Software developers have to worry about something called technical debt. It’s all the mediocre code and bad designs that happen because someone is too tired, or too rushed, or too inexperienced to do it right. The result is code that is buggy, or hard to maintain. Large projects will always have some technical debt. It’s just a matter of how much.
Construction contractors face their own versions of technical debt. It accrues when equipment isn’t maintained properly, or when stuff is not built quite to spec. Technical debt isn’t a problem right this minute, but it probably will bite you on the a** someday.
In construction, the cure for technical debt is regular equipment maintenance, plus quality control inspections to catch small problems before they snowball into disasters.

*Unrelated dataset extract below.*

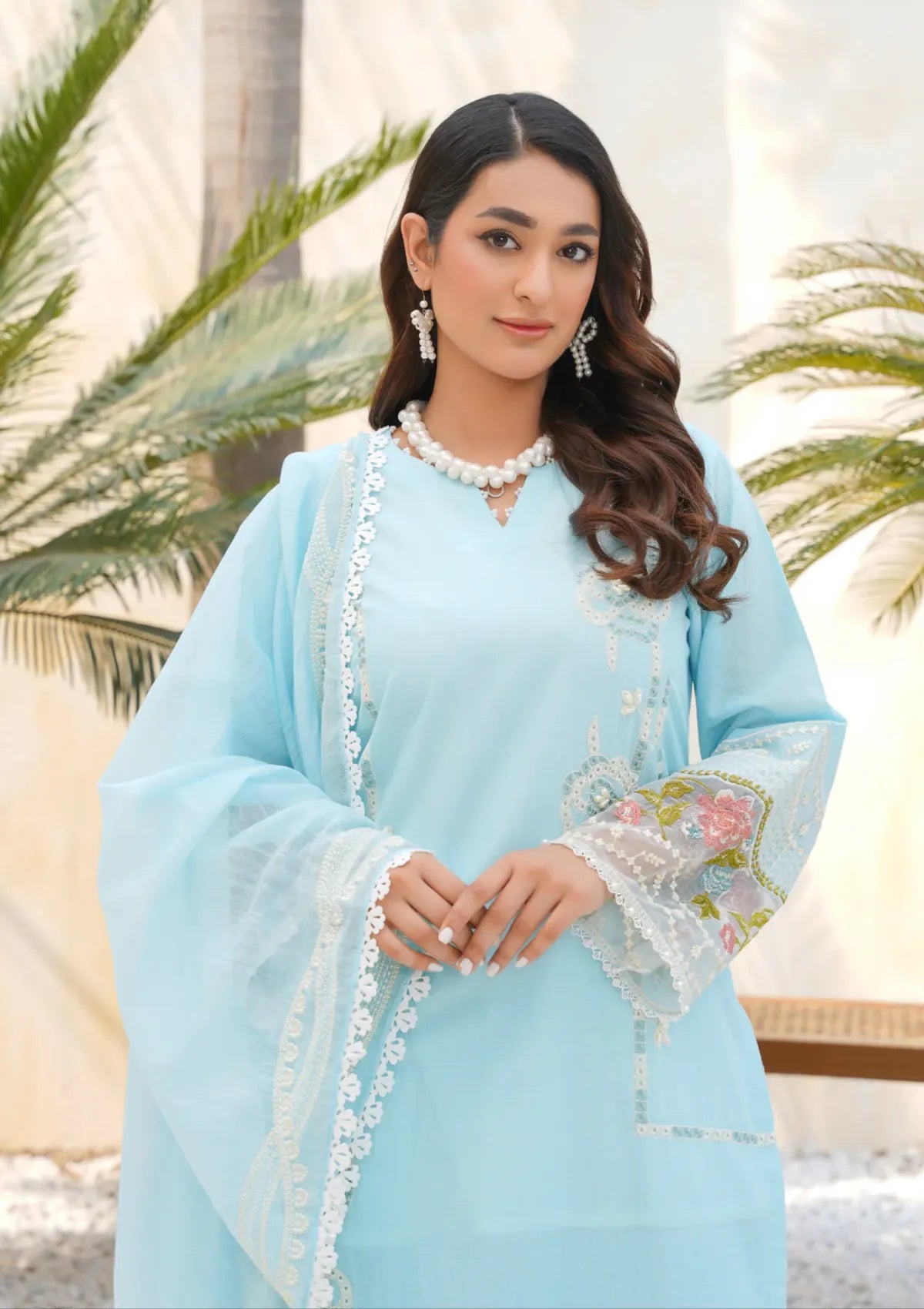 mohsin-saeed-fabrics-is-selling-online-and-in stores-Luxury-daily-wear-wedding-wear-formal-wear-in-budgeted-price-This-product-is-from-clothere-by-anam-lawnkari25-d-004-is-available-on-Mohsin-saeed-fabrics-website.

In the software world, the cure is about the same: testing, training, code reviews. Because software is easy to revise, another debt-reduction tool is refactoring: rewriting old code so it makes more sense. We have been doing a lot of that since we started on Goldenseal Pro.
Tables are a fairly complicated part of Goldenseal, so they have plenty of potential debt. This week we rewrote the way they store data, so it is simpler. There is much less code now to do the same thing.
The clairvoyant fields that show lists of items are another complexity. We already rewrote the ones in data entry layouts (and renamed them to smart fields). Now we are working on the smart fields in tables. They look a little different, and have many complications. For example, the Cost Item column in an estimate breakdown needs to adjust what it shows, depending on three different columns to its left (Cost Area, Category and Subcategory).
Goldenseal currently uses popup buttons to enter data from lists that don’t ever change. For example, any transaction involved in job costing has a Job Class popup to allocate to overhead or projects. Popup buttons require a mouse click, which can be annoying when doing data entry. For everything else you can type and hit the tab key to move on, but popups require you to use the mouse. Not great for two-handed typists.
In tables, we already use smart fields instead of popups, so it would not be hard to do the same thing for all popup buttons. We are also working on that now.